All of these factors (dyslipidemia, hepatic steatosis, hypertension), combined with increased inflammation and a change in the properties of the endothelial cells lining the blood vessels (inflammation, procoagulant properties), make insulin resistance an important risk factor for cardiovascular disease.

Type 2 diabetes
In the longer term, overproduction of insulin can lead to pancreas depletion, which ultimately leads to the cessation of hormone production and the onset of type 2 diabetes, i.e., a state of chronic hyperglycaemia (see the right portion of the figure). This excess of blood sugar is very harmful to the blood vessels and significantly increases the risk of cardiovascular disease (heart attack and stroke) as well as damage to tissues whose function depends on the small blood vessels such as the retina, kidneys or nerves. Insulin resistance can be considered as a prediabetic state, the harbinger of diabetes developing insidiously.

“Excess abdominal fat should be considered as the first clinical sign of insulin resistance.”

Stay alert
One problem with insulin resistance is that it is often difficult to diagnose at an early stage, not only because it does not cause clinical symptoms but also because blood glucose is normal. As mentioned earlier, in the early stages of resistance, the pancreas offsets the loss of insulin efficiency by secreting larger amounts of the hormone, which is sufficient to maintain blood sugar at normal levels. Patients (just like their doctors) then have the false impression that they are in perfect health, even if in fact they are prediabetic and will become diabetic in the coming years if nothing is done.
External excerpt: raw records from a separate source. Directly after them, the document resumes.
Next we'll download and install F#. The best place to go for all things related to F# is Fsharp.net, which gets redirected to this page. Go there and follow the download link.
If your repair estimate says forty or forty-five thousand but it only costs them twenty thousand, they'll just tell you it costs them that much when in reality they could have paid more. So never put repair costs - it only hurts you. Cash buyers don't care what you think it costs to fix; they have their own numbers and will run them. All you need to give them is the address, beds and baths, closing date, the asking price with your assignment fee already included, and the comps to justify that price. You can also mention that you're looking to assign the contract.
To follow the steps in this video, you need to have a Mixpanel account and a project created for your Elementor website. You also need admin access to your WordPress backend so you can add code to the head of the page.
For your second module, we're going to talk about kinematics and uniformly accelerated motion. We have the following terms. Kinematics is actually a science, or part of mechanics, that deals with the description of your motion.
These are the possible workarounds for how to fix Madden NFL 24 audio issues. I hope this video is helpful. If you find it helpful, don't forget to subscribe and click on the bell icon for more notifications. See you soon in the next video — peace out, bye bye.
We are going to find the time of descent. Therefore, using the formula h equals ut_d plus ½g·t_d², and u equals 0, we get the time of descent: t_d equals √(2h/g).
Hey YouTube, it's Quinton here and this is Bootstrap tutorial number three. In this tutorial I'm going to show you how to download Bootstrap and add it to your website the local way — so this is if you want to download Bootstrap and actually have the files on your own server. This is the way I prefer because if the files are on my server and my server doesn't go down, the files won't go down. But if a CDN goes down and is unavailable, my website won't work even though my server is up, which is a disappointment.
Overall, the studies suggest that a slight elevation of glycated haemoglobin (Hb1Ac 5.5% and above), a marker of chronic hyperglycaemia, may be a better approach for early detection of insulin resistance than tests that are used to measure blood glucose (fasting glucose, glucose tolerance). For example, it has recently been shown that people with normal fasting glucose but a HbA1c greater than 5.9% were eight times more likely to develop diabetes in the next four years than those whose HbA1c was less than 5.7%.
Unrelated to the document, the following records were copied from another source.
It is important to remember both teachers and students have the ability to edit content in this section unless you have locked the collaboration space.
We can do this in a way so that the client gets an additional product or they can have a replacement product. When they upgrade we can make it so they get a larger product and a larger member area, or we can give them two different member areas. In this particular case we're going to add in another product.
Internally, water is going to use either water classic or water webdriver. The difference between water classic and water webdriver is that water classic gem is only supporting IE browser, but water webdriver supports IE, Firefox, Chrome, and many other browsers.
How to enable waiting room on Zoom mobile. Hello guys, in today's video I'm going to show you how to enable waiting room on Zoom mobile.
In short, it is important to remain vigilant and realize that excess fat, although somehow becoming the norm in our society (more than 60% of Canadians are overweight), is far from  harmless. In practice, excess abdominal fat (waist circumference greater than 102 cm for men and 88 cm for women) should be considered as the first clinical sign of insulin resistance and an increased risk of developing type 2 diabetes, with disastrous consequences for cardiovascular health.
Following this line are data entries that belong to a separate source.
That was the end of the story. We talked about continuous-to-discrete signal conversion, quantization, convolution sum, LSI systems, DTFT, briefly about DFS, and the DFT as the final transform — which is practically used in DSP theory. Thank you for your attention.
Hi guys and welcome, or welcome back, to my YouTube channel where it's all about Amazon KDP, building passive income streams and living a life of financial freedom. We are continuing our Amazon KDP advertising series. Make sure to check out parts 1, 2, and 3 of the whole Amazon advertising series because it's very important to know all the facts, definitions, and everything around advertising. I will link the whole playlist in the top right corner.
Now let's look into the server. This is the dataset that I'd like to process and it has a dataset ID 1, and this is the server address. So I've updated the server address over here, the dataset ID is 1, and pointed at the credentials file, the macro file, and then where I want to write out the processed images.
Fortunately, insulin resistance is not an irreversible phenomenon: several studies show that people with glucose metabolism disorders can reverse the situation by simply changing their lifestyle. For example, a recent study reports that the adoption of a diet consisting primarily of low-fat plant foods is associated with a significant improvement in insulin sensitivity in overweight individuals. Being more active also seems beneficial: a study of 44,828 Chinese adults (20–80 years old) with above-average fasting blood glucose showed that people who were the most physically active were 25% less likely to develop type 2 diabetes.